◆ ACTION ITEM
From the first line of the listing, copy each line exactly until you have included the line with "5 Wholesale Seashell"; leave out the pictures.
• • •
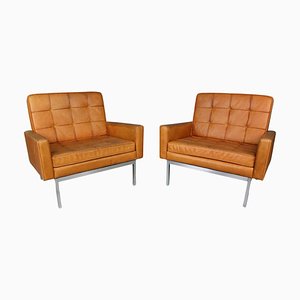 Cognac Leder Sessel Set von Florence Knoll, 1956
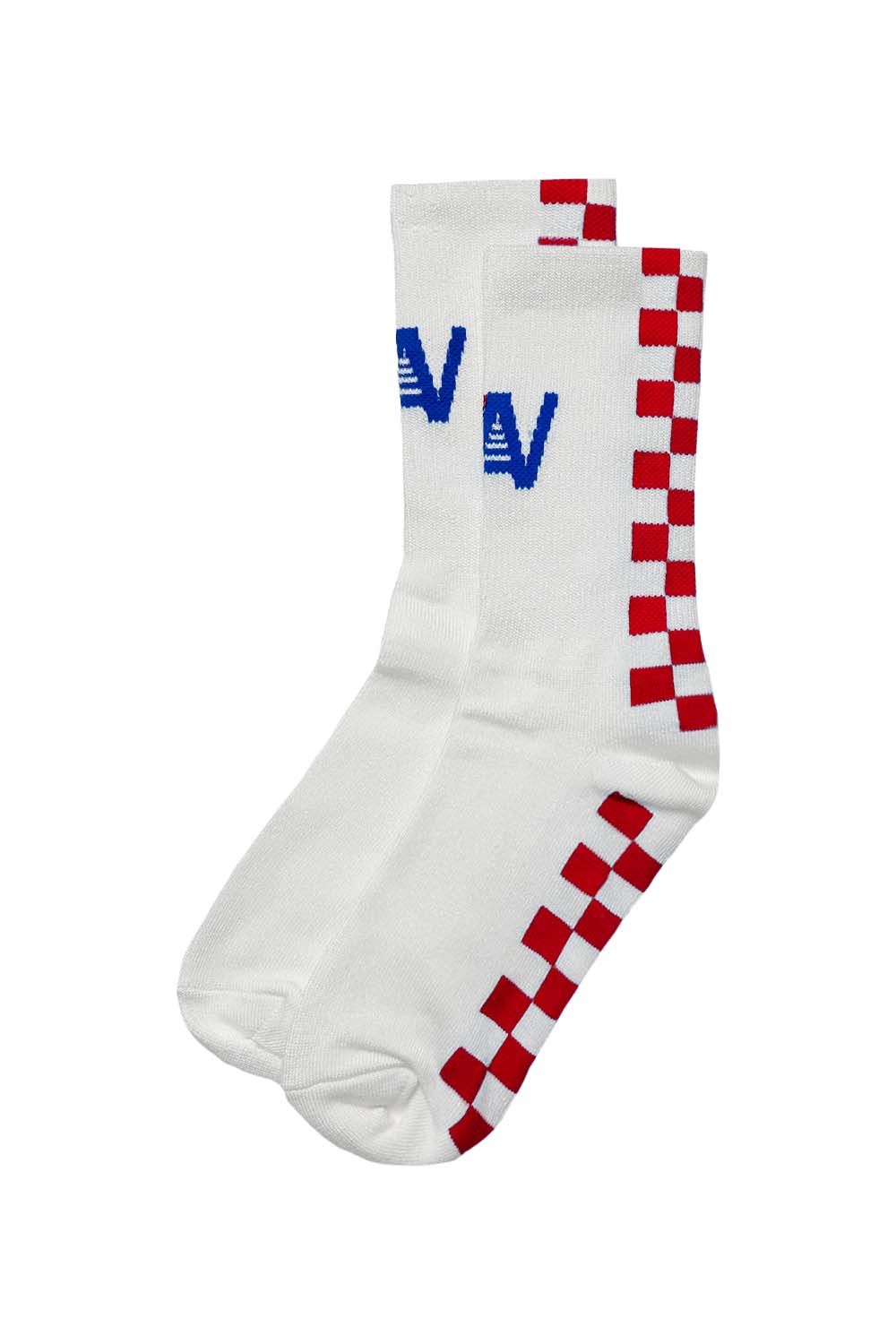 Checkered Sock - White // Red | Aviator Nation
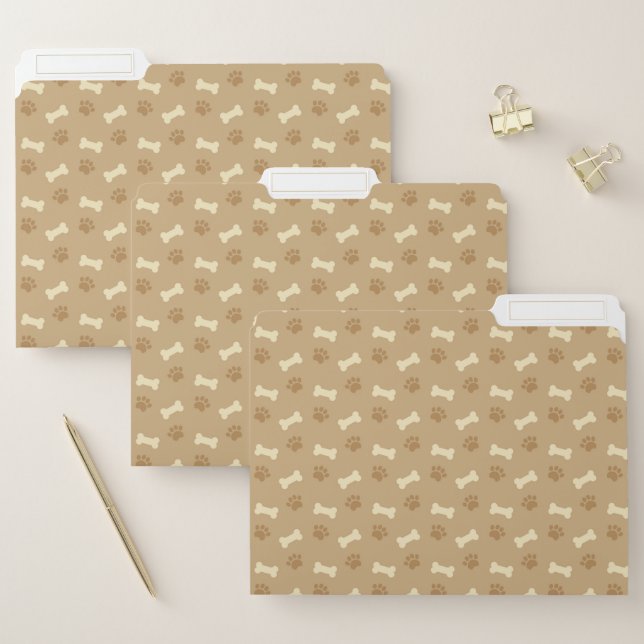 Brown Paw Print Bone Pattern File Folder (Set)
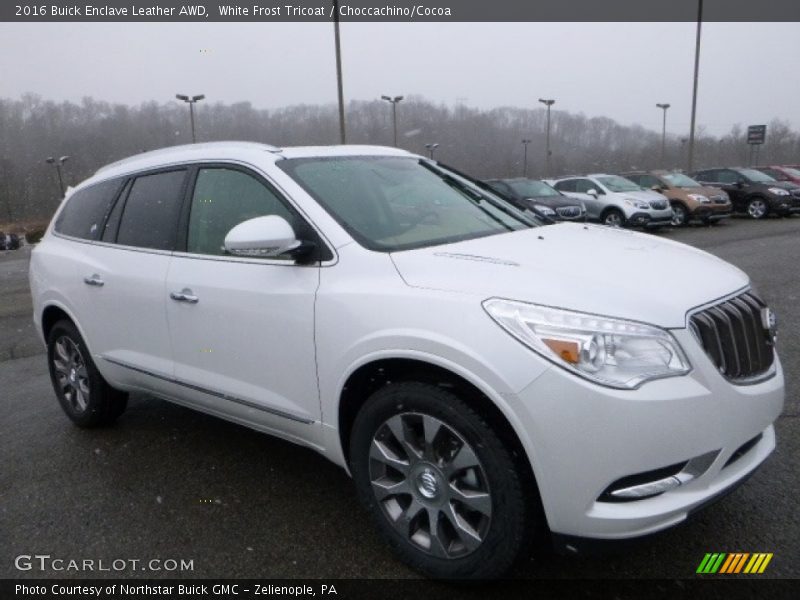 White Frost Tricoat / Choccachino/Cocoa 2016 Buick Enclave Leather AWD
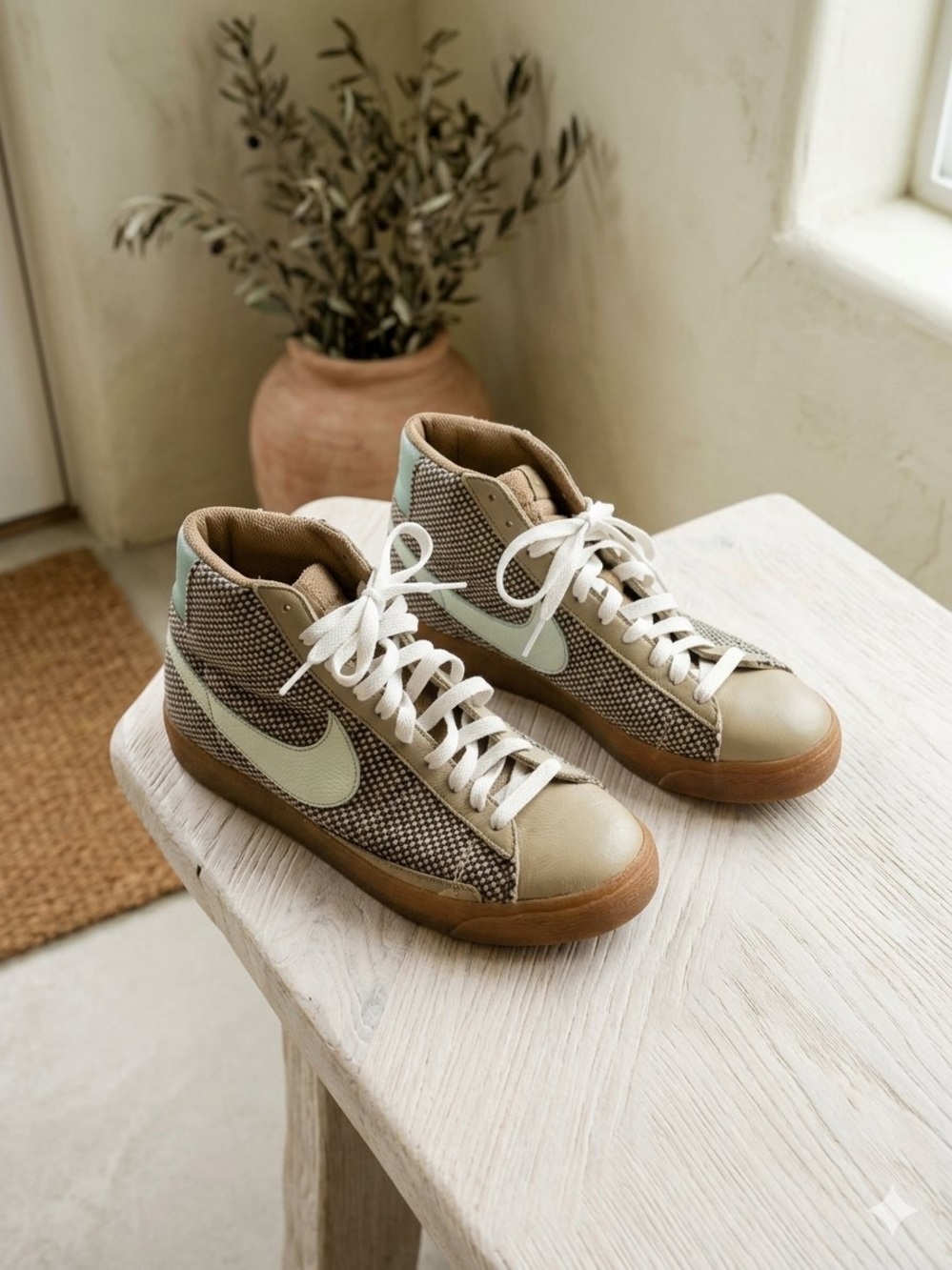 Nike Retro Vintage Blazers Women's Mid-Top Sneakers in Beige & Mint
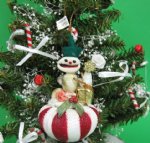 5 Wholesale Seashell Snowman Ornament on Striped Sea Urchin   - <font color=red> *Sale*</font>    Packed 5 @ $.75 each 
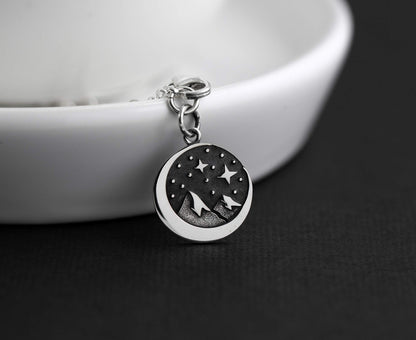 Sterling Silver Star Moon & Mountains Bracelet • Starry Night Mountain Charm • Crescent Moon • Snow Capped Mountain Bracelet • Hiking Camping Nature Lover Gifts for Women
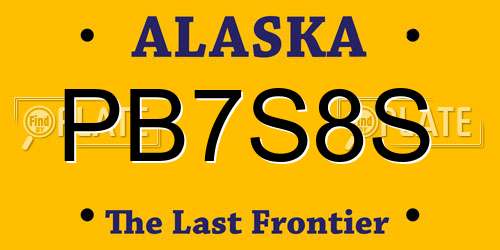 PB7S8S Alaska License Plate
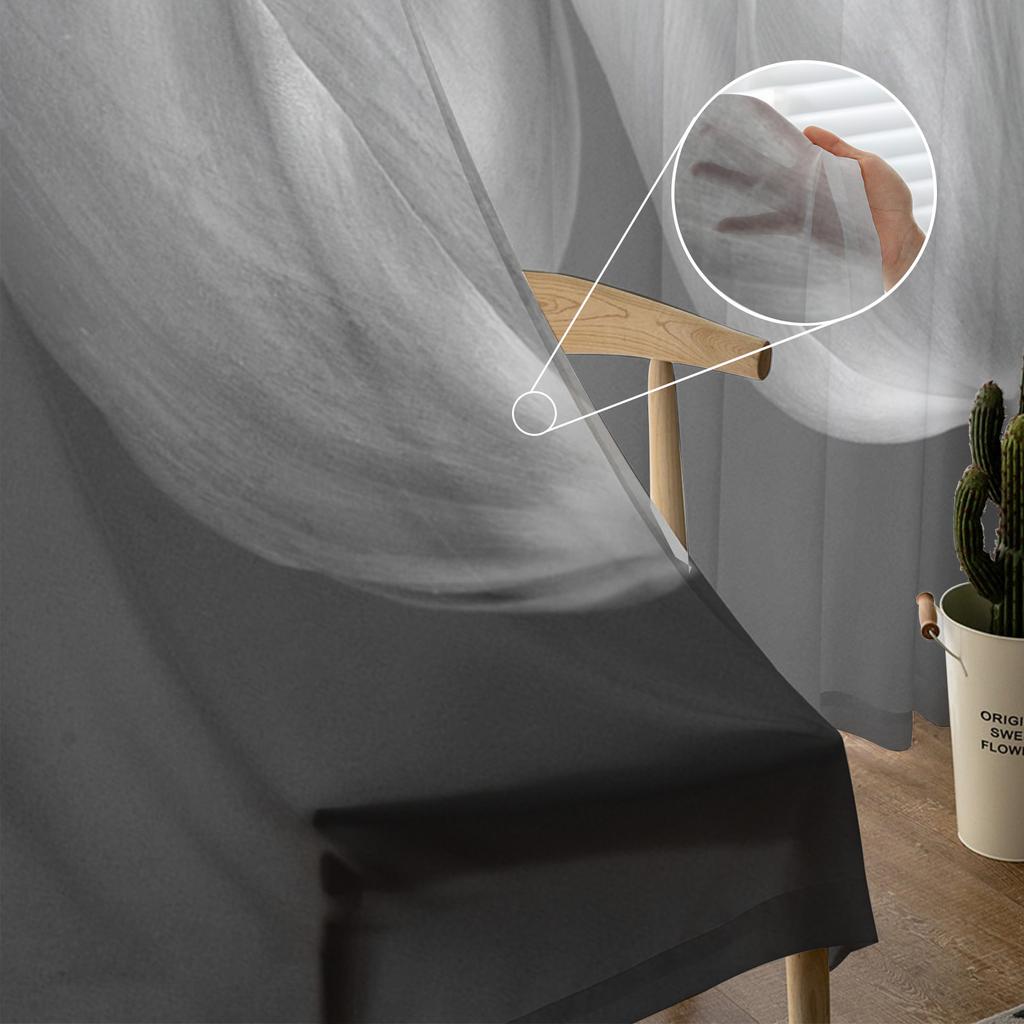 Tulpenblume Schwarzweiß Moderne Tüllgardinen für Wohnzimmer Schlafzimmer Zuhause Küche Fenster Voilegardinen
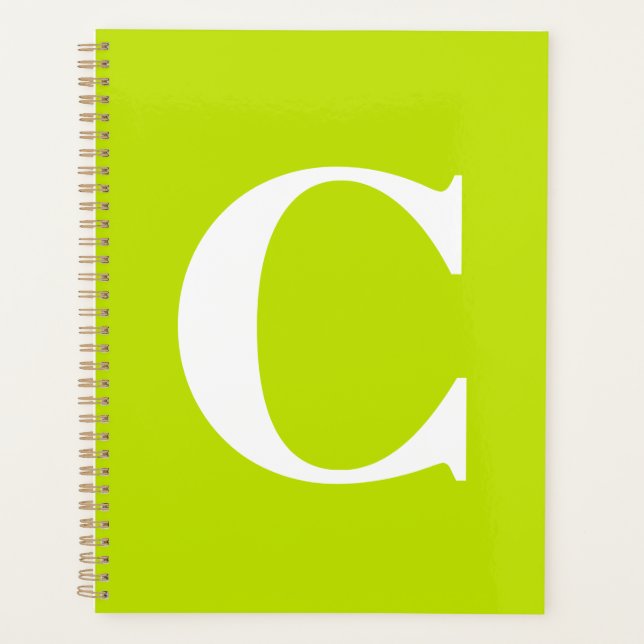 Fluorescent Chartreuse Yellow Neon Name Monogram Planner (Front)
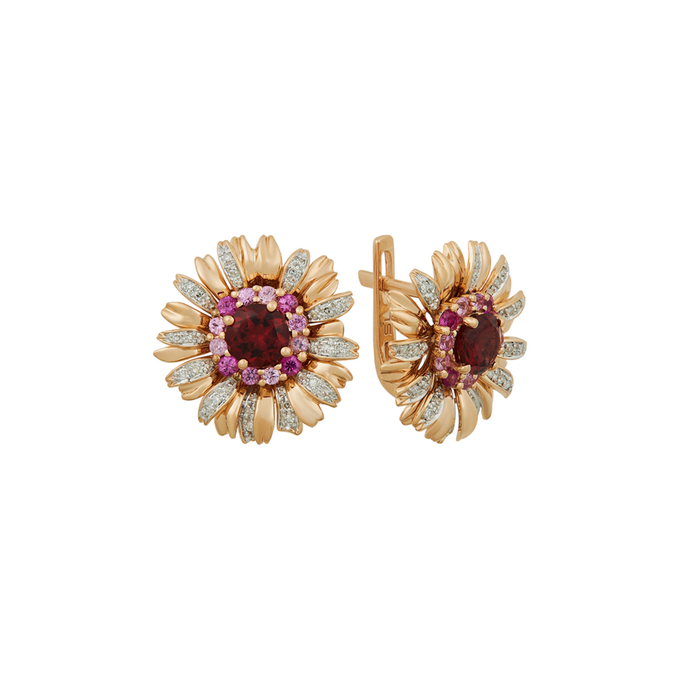 Серьги из золота 585 пробы c гранатами, цветными сапфирами и бриллиантами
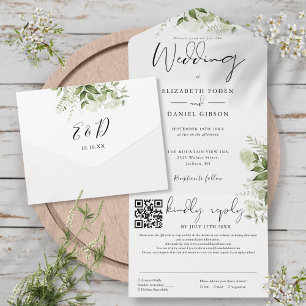 Blumen-Monogramm-QR-Code-Hochzeit All In One Einladung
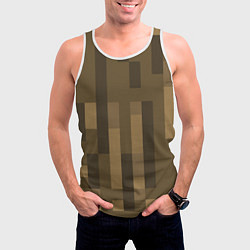 Майка-безрукавка мужская Wood - Minecraft, цвет: 3D-белый — фото 2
• • •
◆ COMPLETED TASK
 Cognac Leder Sessel Set von Florence Knoll, 1956
 Checkered Sock - White // Red | Aviator Nation
 Brown Paw Print Bone Pattern File Folder (Set)
 White Frost Tricoat / Choccachino/Cocoa 2016 Buick Enclave Leather AWD
 Nike Retro Vintage Blazers Women's Mid-Top Sneakers in Beige & Mint
 5 Wholesale Seashell Snowman Ornament on Striped Sea Urchin   - <font color=red> *Sale*</font>    Packed 5 @ $.75 each 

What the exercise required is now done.